Uma das maneiras de se compreender a motivação é relacionála
a autonomia do pensamento e da reflexão crítica e
conseqüentemente da maior liberdade de ser e agir. Trata-se, afinal,
de um processo psicológico que interage com o meio social. Isto é, se
o ser humano deposita o desenvolvimento da sua motivação na figura
de outrem ou de uma dada circunstância e não a assume como uma
responsabilidade pessoal, percebe-se em tal atitude dependência e
limitação. Vale ressaltar que nos influenciamos mutuamente ao
estimular a motivação. Contudo, ela só se desenvolve por meio da
permissão íntima (consciente ou inconsciente), e, portanto, é
intransferível por seu caráter particular.
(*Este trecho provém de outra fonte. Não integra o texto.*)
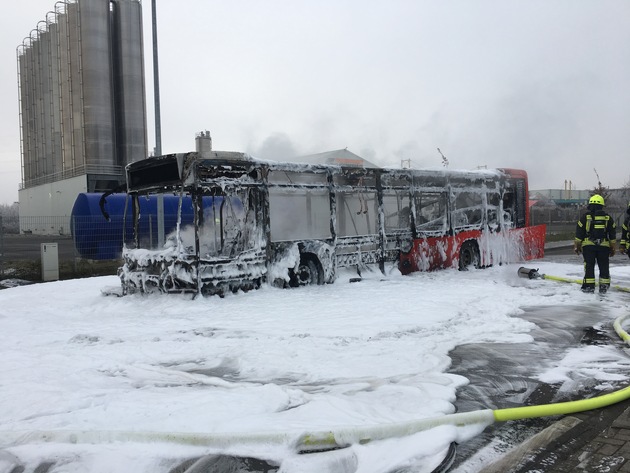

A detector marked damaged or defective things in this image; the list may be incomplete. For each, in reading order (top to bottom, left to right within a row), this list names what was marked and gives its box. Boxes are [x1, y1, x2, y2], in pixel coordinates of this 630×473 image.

burned bus [115, 152, 548, 296] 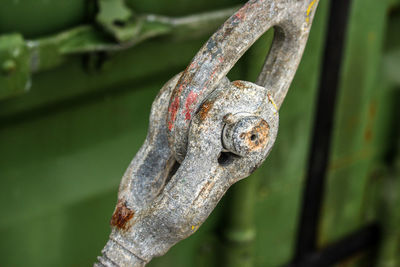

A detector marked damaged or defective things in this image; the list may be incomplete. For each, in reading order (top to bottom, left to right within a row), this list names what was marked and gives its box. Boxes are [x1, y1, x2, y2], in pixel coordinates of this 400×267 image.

Há três aspectos maléficos que merecem atenção nessa
análise: A falta de conhecimento sobre o tema, a herança sóciohistórica
acerca da dependência e submissão e a acomodação natural
existente em nossa espécie animal. Segue-se então que o antídoto a
ser prescrito é composto de saber, libertar e agir.
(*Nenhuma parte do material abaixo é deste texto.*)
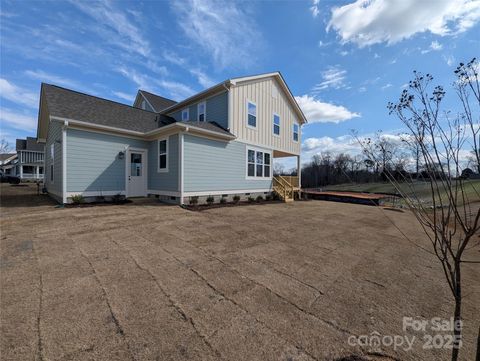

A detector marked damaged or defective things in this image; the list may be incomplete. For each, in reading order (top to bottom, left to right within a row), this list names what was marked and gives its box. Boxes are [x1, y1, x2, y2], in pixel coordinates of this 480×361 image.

crack in concrete [77, 243, 136, 358]
crack in concrete [108, 236, 222, 360]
Quanto mais o homem conhece a si mesmo, tanto maior é a
sua chance de evoluir e fazer melhores escolhas durante a vida.
Quanto melhor escolher, tanto menor será a sua dependência
exterior a questões que lhe são interiores como a motivação. Por
conseguinte, conquistará mais independência e interdependência ao
formar parcerias motivadoras que prezam o dar e receber com
maturidade, equilíbrio e justiça.
Todavia, para alcançar uma dimensão de maior autonomia é
essencial que se concentre uma parte dos esforços no rompimento
dos elos da corrente histórica que se mantém presente até o
momento. A monarquia que ajudou a construir a personalidade e o
perfil brasileiros (escravidão, subserviência e passividade profundos)acabou há considerável tempo, mas as suas articulações psicológicas
ainda reinam sobre incontáveis súditos contemporâneos.
O modelo de educação ancestral transmitido permite tal
manutenção, estendendo boa parte desta aprendizagem ao Século
Vinte e Um. Os pais ou pessoas próximas com as quais mantemos
contato desde a infância nos bombardeiam, sem que percebamos
(eles próprios sequer fazem idéia), de impressões e convicções que
estimulam a dependência e a contenção do uso da motivação,
elemento poderoso se bem desperto e direcionado. Eis alguns
exemplos usados comumente: – Quando arrumar um emprego não
abra a boca. Cuidado com o que você pensa. Manda quem pode,
obedece quem tem juízo. Mais vale um pássaro na mão do que dois
voando. Entre outros. Assim, vestimos máscaras sociais restringentes
não apenas em nome da necessidade de sobrevivência, mas,
sobretudo, em face da falta de liberdade autoimputada.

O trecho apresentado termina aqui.